Problem statement: Please give again every entry exactly as it appears, setting aside the pictures.

..........

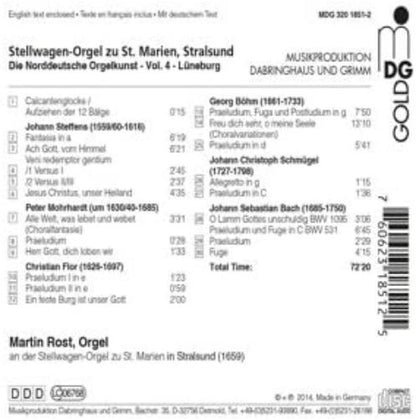North German Organs Vol. 4, Luneburg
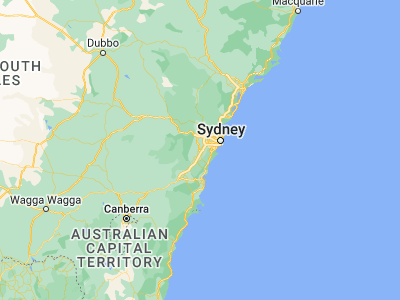 Map showing location of Narellan (-34.03333, 150.73333)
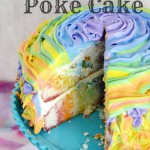 Rainbow Jello Poke Cake, Jello, Poke, Cake, Rainbow Themes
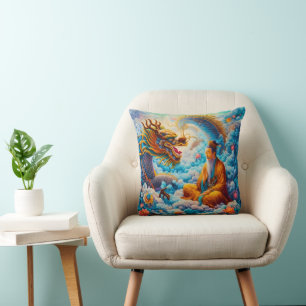 Coussin Harmonie Éternelle : La Bénédiction du Dragon
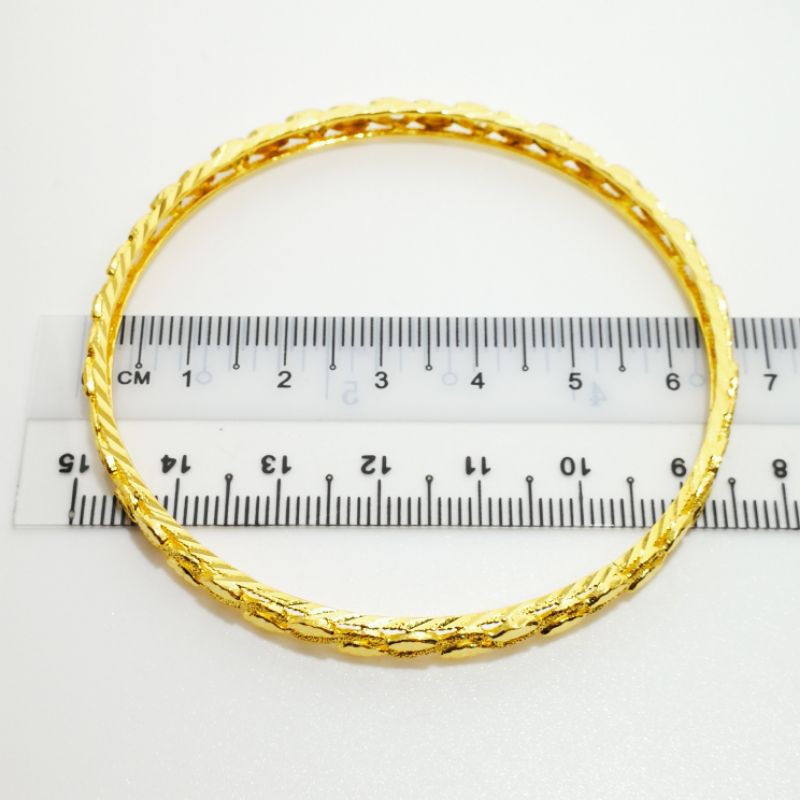 Buy Gelang Tangan Emas 916 10 99g D6 20cm Seetracker Malaysia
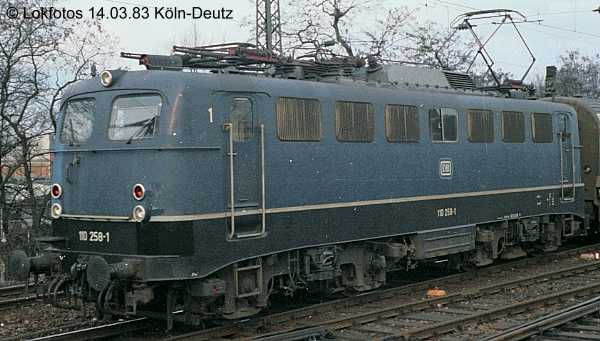 Kein weiteres Foto der Lok 258 vorhanden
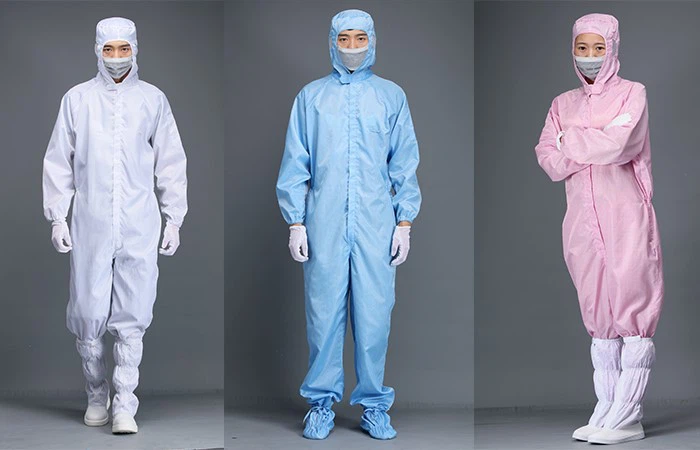 Cleanroom dust-free clothing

..........

Written solution:
North German Organs Vol. 4, Luneburg
 Map showing location of Narellan (-34.03333, 150.73333)
 Rainbow Jello Poke Cake, Jello, Poke, Cake, Rainbow Themes
 Coussin Harmonie Éternelle : La Bénédiction du Dragon
 Buy Gelang Tangan Emas 916 10 99g D6 20cm Seetracker Malaysia
 Kein weiteres Foto der Lok 258 vorhanden
 Cleanroom dust-free clothing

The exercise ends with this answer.